The rule of law is expected to be something that should carve out ways and means of a a good governance, principles and Ideals of democracy, peaceful coexistence and uniform rule guided society. Rule of law as a legal principle can be defined as a principle of governance in which all persons, institutions and entities, public and private, including the state itself, are bound by laws that are publicly promulgated, equally enforced and independently adjudicated, and which are consistent with international human rights norms and standards.

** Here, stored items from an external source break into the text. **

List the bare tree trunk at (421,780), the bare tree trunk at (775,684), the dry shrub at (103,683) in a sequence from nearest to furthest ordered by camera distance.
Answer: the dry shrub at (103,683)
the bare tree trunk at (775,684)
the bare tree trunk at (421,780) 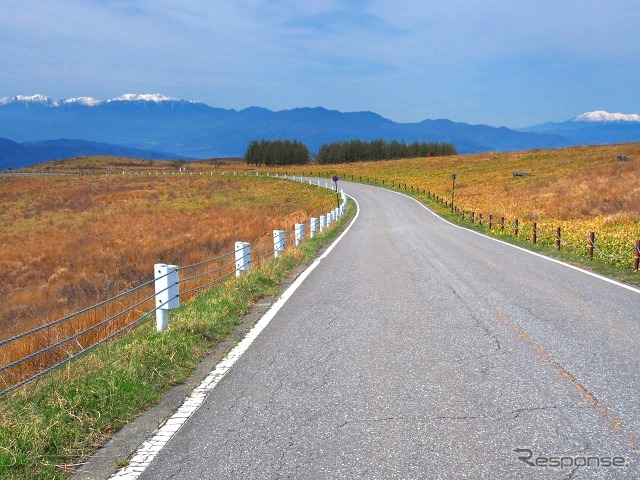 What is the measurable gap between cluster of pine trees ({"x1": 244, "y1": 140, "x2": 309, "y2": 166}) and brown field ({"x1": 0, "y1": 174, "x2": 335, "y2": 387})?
8339 centimetres

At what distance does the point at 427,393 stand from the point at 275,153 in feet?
489

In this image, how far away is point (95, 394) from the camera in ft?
15.6

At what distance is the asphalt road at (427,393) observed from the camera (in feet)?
12.1

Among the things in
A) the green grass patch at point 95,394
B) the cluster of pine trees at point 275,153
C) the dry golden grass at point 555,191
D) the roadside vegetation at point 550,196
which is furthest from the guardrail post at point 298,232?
the cluster of pine trees at point 275,153

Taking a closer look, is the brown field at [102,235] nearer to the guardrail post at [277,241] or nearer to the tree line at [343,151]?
the guardrail post at [277,241]

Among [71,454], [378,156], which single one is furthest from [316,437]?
[378,156]

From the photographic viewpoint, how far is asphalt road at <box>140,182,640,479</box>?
3.68 meters

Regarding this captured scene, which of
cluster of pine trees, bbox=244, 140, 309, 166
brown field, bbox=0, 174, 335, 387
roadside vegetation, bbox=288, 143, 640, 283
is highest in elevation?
cluster of pine trees, bbox=244, 140, 309, 166

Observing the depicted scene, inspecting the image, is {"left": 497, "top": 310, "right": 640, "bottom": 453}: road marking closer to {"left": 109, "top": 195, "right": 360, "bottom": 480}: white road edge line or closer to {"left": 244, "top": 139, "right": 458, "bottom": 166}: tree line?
{"left": 109, "top": 195, "right": 360, "bottom": 480}: white road edge line

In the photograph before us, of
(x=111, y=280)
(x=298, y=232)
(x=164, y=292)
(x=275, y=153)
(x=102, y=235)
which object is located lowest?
(x=111, y=280)

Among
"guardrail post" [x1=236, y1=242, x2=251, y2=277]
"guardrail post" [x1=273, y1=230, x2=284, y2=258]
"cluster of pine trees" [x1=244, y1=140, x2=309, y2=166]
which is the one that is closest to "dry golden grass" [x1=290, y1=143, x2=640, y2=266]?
"guardrail post" [x1=273, y1=230, x2=284, y2=258]

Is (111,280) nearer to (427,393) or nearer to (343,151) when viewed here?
(427,393)

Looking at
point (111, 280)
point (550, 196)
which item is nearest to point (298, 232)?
point (111, 280)

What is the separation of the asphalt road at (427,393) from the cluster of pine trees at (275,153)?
474 feet
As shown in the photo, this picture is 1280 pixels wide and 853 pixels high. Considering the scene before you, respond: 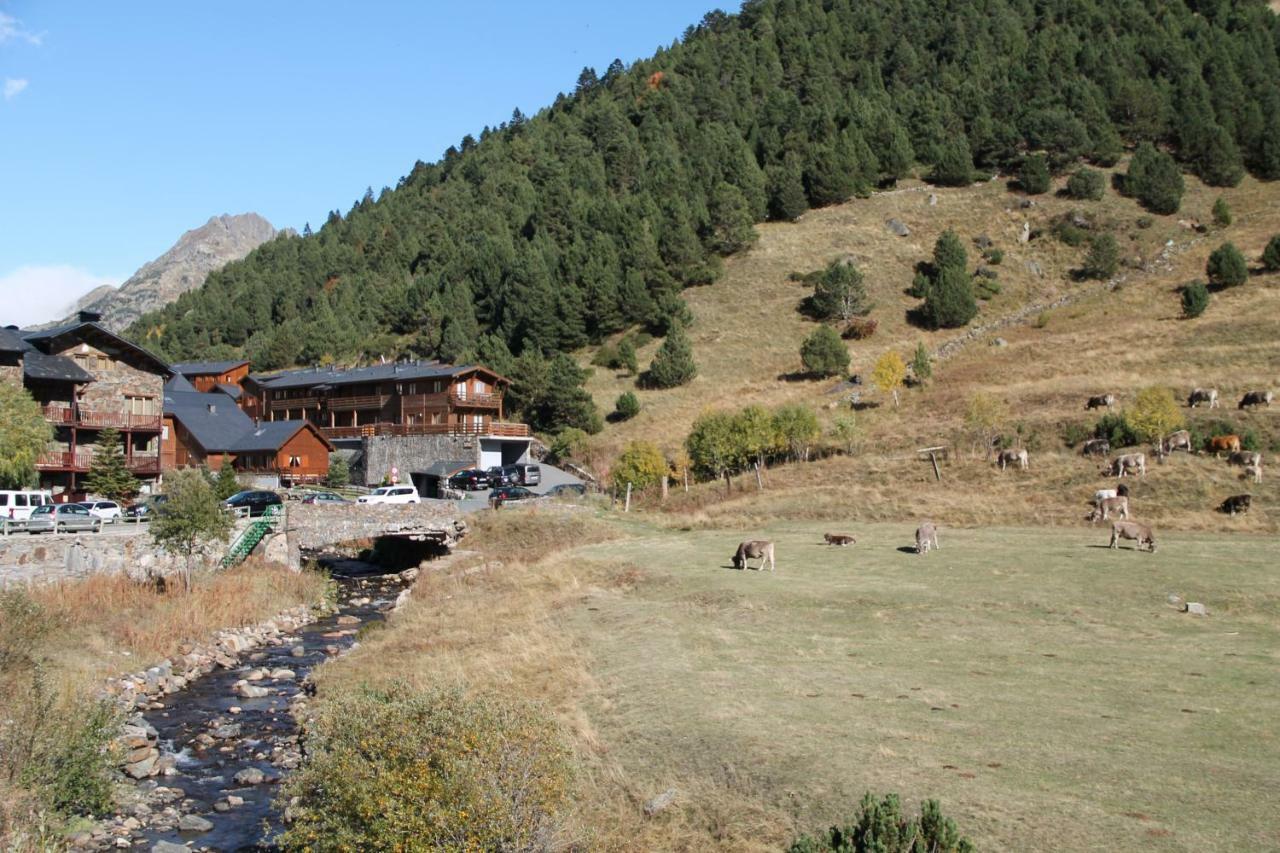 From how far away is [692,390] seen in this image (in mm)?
83625

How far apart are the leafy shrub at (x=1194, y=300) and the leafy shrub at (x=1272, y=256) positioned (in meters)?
10.7

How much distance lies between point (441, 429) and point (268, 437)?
12.9m

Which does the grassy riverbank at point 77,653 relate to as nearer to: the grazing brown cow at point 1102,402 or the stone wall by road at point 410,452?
the stone wall by road at point 410,452

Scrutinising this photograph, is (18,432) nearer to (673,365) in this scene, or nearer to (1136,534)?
(1136,534)

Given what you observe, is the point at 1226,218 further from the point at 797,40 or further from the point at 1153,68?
the point at 797,40

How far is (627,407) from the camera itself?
7875cm

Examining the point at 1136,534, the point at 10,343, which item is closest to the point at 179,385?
the point at 10,343

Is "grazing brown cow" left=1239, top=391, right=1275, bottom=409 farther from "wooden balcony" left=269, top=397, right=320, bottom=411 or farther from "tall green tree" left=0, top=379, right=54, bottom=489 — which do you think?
"wooden balcony" left=269, top=397, right=320, bottom=411

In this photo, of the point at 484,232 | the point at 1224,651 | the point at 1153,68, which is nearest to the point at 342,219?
the point at 484,232

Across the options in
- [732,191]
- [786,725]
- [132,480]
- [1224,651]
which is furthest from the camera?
[732,191]

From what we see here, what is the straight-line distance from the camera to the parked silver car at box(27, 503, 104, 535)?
36.4 meters

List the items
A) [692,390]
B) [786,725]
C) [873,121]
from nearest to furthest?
1. [786,725]
2. [692,390]
3. [873,121]

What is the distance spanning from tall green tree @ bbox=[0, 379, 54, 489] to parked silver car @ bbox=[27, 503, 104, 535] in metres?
3.03

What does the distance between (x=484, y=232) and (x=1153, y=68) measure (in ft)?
300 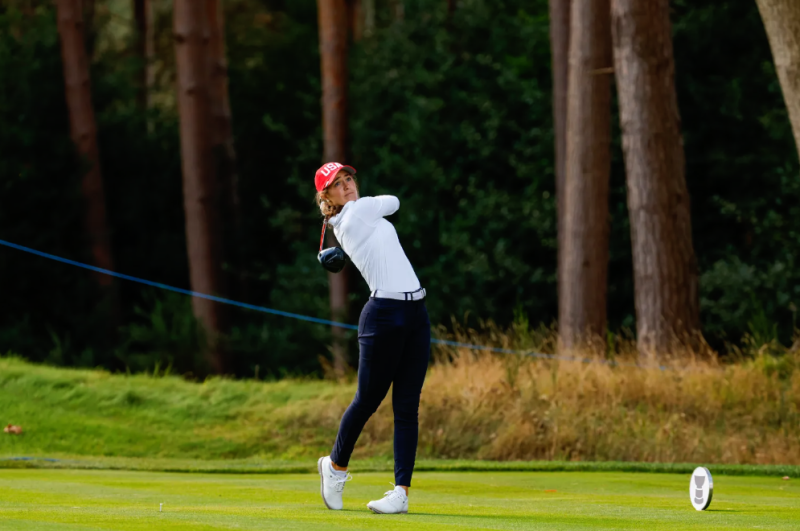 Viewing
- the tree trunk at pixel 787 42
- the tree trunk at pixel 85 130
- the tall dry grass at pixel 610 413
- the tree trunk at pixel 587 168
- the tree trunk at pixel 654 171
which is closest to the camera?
the tree trunk at pixel 787 42

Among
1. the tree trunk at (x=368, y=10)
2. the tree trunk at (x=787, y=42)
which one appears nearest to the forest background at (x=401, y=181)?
the tree trunk at (x=368, y=10)

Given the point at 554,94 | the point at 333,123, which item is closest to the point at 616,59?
the point at 554,94

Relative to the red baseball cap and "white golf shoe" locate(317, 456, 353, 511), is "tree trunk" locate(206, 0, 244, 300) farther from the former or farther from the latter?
"white golf shoe" locate(317, 456, 353, 511)

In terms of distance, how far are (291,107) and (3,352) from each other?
848 cm

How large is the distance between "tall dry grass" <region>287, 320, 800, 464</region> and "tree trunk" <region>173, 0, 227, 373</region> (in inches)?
427

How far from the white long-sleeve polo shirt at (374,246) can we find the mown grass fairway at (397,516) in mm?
1138

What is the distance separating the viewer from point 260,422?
13.6m

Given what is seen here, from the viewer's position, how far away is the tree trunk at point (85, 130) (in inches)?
971

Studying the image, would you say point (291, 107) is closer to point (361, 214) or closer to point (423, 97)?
point (423, 97)

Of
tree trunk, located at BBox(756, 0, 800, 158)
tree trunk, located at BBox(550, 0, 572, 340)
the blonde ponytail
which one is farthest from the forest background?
the blonde ponytail

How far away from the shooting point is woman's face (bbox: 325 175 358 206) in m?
6.45

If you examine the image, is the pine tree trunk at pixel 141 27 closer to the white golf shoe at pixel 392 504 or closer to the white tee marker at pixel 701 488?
the white golf shoe at pixel 392 504

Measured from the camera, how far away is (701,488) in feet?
20.9

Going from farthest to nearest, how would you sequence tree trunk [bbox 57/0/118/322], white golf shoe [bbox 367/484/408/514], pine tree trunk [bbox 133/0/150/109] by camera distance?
1. pine tree trunk [bbox 133/0/150/109]
2. tree trunk [bbox 57/0/118/322]
3. white golf shoe [bbox 367/484/408/514]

The general principles of rule of law as expounded by the philosopher A. V. Dicey, has three fundamental attributes, They are:
1. The absolute supremacy of law
2. Equality before the law
3. Predominance of Legal Spirit.
THE PRINCIPLE OF RULE OF LAW UNDER NIGERIAN CONSTITUTION
1. The Supremacy of the Law in Nigeria:
A. V. Dicey spelt out the Supremacy of the constitution which is now enshrined in the provision of Section 1(1) the 1999 Constitution of the Federal Republic of Nigeria (as amended), which states as follows;
“This constitution is supreme and its provisions shall have binding force on all authorities and persons through out the Federal Republic of Nigeria”.
Thus, Supremacy of law upholds the absolute supremacy or superiority of the basic law as opposed to the influence of arbitrary power and exclusion of the existence of discretionary parts on the part of government. The constitution in Nigeria being the Grundnurm was judicially affirmed by the Supreme Court of Nigeria, per Sir Udo Udoma Jsc in the case of Nafiu Rabiu vs State while observing the provisions of Section 1(1) that; “…the present Constitution has been proclaimed the supreme law of the land; that it is a written, organic instrument meant to serve not only the present generation, but also several generations yet unborn; that it was made, enacted and given to themselves by the people of the Federal Republic of Nigeria…that the function of the constitution is to establish a framework and principles of government, broad and general in terms…”.
It therefore means that the concept of rule of law is strongly against a dictatorial system but everything must be done in conformity with the supreme law of the land and where there is an inconsistency with the provision of the constitution, the constitution shall prevail.
2. Equality before the law in Nigeria:
This concept implies that noone is above the law of the land but that everyone is equal before the law. This is to ensure that a law under which a particular citizen is judged must also be used for every other citizen no matter the status, power or connection. This concept can be emphasized with the principles of Natural Justice. These principles are the foundation against biasness and they are; Nemo Judex in causa sau meaning No one should be a judge in his own cause and Audi Altarem partem which means hear the other side. Literally, the above principles upholds giving all parties the free and fair chance to present and get judged. This is enshrined in S. 36 of the 1999 Constitution.
3. The predominance of Legal Spirit in Nigeria:
The last principle of rule of law which makes it supreme is that the general principles of the constitution are the result of juridical decisions determining file rights of private persons in particular cases brought before the Court. This signifies that a person whose rights have been infringed upon can seek redress in court relying on the provision of the Constitution. The rule of law then upholds that the judiciary bodies should adjudicate upon this according to the law and not arbitrarily. Though, the Nigerian Constitution upholds the fundamental human rights of citizens, the non practicability and non justiciability of these provisions have made the impact of rule of law in Nigeria a farcry.
From the foregoing, though the Dicey’s Conception of rule of law is properly enshrined in the Nigerian Constitution but myriads of instances are there to challenge the application of rule of law in Nigeria. In observing the Nigerians long legal history, it can be deduced that the enshrined principles of rule of law is only in paper.